There is another way to bend them for sure: Use a heat source that is significantly smaller than the bottom of the pan. That'll kill it too :bat:


----------



## sudsy9977 (Dec 4, 2016)

Can you use very little to almost no oil when cooking with these pans? I can't use a lot of fats in my meals and would rather use these than nonstick. Ryan


----------



## miggus (Dec 4, 2016)

Hmm it depends on what you will make exactly. Generally speaking, I would tend to "no" - you will need at least a bit if oil for frying tasks if the original ingredients contain none. For example, pancakes will stick if you use no oil at all.


----------



## Mucho Bocho (Dec 4, 2016)

I hate to burst everyone's bubble but Debyuer pans do not want to be pre seasoned. You're only kidding yourself if you think it's going to last. They will blacken and patina properly by just using them. At least that what happens with the eight or so i have.


----------



## PalmRoyale (Dec 4, 2016)

De Buyer explains on their FAQ page how to season it (just found out :biggrin: ) to speed up the process. I think they would know better than you how to treat the pans they produce.


----------



## daveb (Dec 4, 2016)

Shots Fired!:nunchucks:


----------



## DamageInc (Dec 4, 2016)

PalmRoyale said:


> De Buyer explains on their FAQ page how to season it (just found out :biggrin: ) to speed up the process. I think they would know better than you how to treat the pans they produce.

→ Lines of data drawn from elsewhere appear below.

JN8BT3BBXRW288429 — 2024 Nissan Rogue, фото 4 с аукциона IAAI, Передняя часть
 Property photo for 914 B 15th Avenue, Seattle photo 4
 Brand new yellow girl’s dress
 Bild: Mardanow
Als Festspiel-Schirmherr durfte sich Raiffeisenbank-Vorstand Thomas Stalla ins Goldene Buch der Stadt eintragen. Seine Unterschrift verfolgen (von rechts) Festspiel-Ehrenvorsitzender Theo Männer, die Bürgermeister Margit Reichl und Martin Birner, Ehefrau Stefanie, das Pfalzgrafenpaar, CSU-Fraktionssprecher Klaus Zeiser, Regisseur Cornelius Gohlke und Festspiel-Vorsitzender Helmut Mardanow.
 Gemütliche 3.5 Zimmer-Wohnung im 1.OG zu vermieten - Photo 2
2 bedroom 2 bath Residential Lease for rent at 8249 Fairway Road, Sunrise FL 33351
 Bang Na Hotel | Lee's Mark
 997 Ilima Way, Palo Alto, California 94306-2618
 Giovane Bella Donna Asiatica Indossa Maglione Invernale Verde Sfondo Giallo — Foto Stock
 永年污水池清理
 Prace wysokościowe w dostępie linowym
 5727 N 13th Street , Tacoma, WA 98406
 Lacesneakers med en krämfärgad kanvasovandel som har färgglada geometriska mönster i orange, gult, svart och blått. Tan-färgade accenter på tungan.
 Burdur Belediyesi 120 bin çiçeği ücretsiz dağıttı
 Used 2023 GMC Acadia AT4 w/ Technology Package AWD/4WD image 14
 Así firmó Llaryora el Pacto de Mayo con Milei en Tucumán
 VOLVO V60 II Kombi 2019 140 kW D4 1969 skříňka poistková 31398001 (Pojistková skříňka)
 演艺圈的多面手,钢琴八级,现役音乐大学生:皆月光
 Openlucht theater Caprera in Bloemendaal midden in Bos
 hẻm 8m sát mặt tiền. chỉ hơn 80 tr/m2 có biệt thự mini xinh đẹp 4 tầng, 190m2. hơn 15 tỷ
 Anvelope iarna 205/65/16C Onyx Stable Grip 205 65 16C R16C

I forgot how the manufacturer is always right no matter what. I guess maybe I should go pick up a Henckels pull-thru sharpener and start sharpening knives the correct way.


----------



## miggus (Dec 4, 2016)

It really is not so much of a big deal with forged iron pans. They will take a patina super quickly. Rub some oil on it, put it in the oven, done. I didn't even do that, just heated the thing on the stove with some oil and started cooking, it worked pretty well already. So no reason to get scientific about it - some heat and some grease, and the pan will do its job :surrendar:


----------



## aboynamedsuita (Dec 4, 2016)

DamageInc said:


> I forgot how the manufacturer is always right no matter what. I guess maybe I should go pick up a Henckels pull-thru sharpener and start sharpening knives the correct way.



:doublethumbsup:

I think I'll maybe start using the steel to "sharpen" my knives as many claim


----------



## mise_en_place (Dec 4, 2016)

Doing the method described in the OP certainly will season your pans, but like a forced patina, the finish will be overtaken (and better for it) if you actually use the pan frequently.


----------



## boomchakabowwow (Dec 29, 2016)

i quit caring about the seasoning on mine. it is blotchy, gone from areas, super seasoned on some areas..i fried a piece of deer meat and it even pulled up some seasoning. granted i did pull it up, before the meat hit that perfect sear point where it releases by itself. duh.

i'm taking it camping in a few weeks to hunt more deer. that pan is about to see hell.


----------



## boomchakabowwow (Dec 29, 2016)

just watched a youtube video..this lady's pan was black like coal!! like a cast iron pan. she must use it everyday for things..


----------